Start of Source data
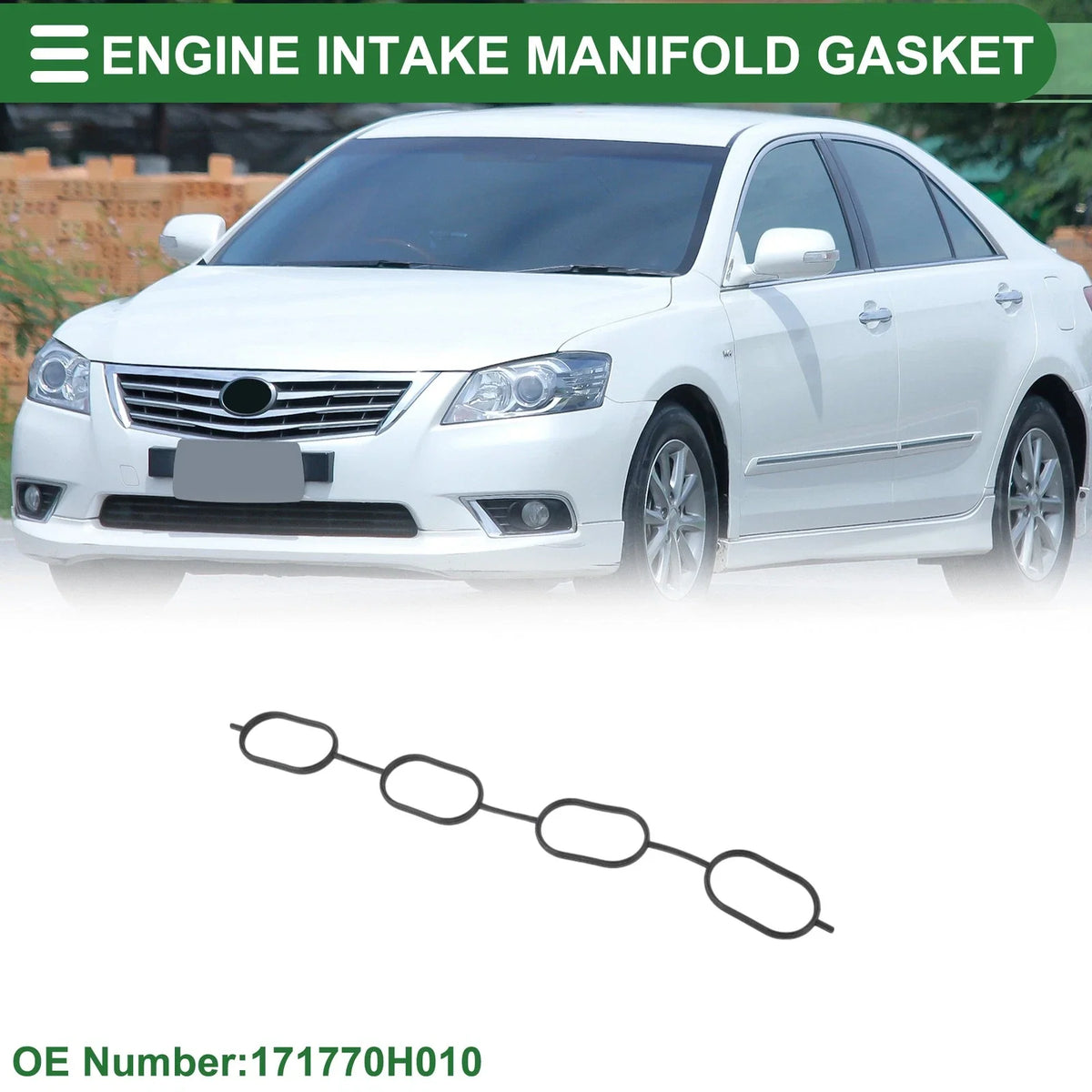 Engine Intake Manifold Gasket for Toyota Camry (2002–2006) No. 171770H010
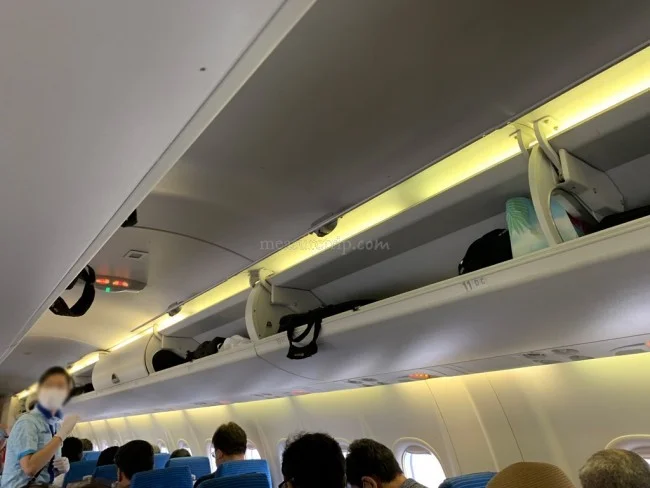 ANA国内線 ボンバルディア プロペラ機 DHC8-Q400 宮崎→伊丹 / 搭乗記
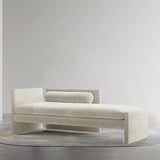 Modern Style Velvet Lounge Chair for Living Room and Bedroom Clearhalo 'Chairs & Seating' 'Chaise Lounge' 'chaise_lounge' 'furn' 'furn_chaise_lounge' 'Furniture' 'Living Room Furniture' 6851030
End of Source data
Your task —
Excluding images, output exactly the lines from the one that holds "ANA国内線 ボンバルディア プロペラ機 DHC8-Q400 宮崎→伊丹 / 搭乗記" through the final line of the material, both ends included.

Exercise result —
 ANA国内線 ボンバルディア プロペラ機 DHC8-Q400 宮崎→伊丹 / 搭乗記
 Modern Style Velvet Lounge Chair for Living Room and Bedroom Clearhalo 'Chairs & Seating' 'Chaise Lounge' 'chaise_lounge' 'furn' 'furn_chaise_lounge' 'Furniture' 'Living Room Furniture' 6851030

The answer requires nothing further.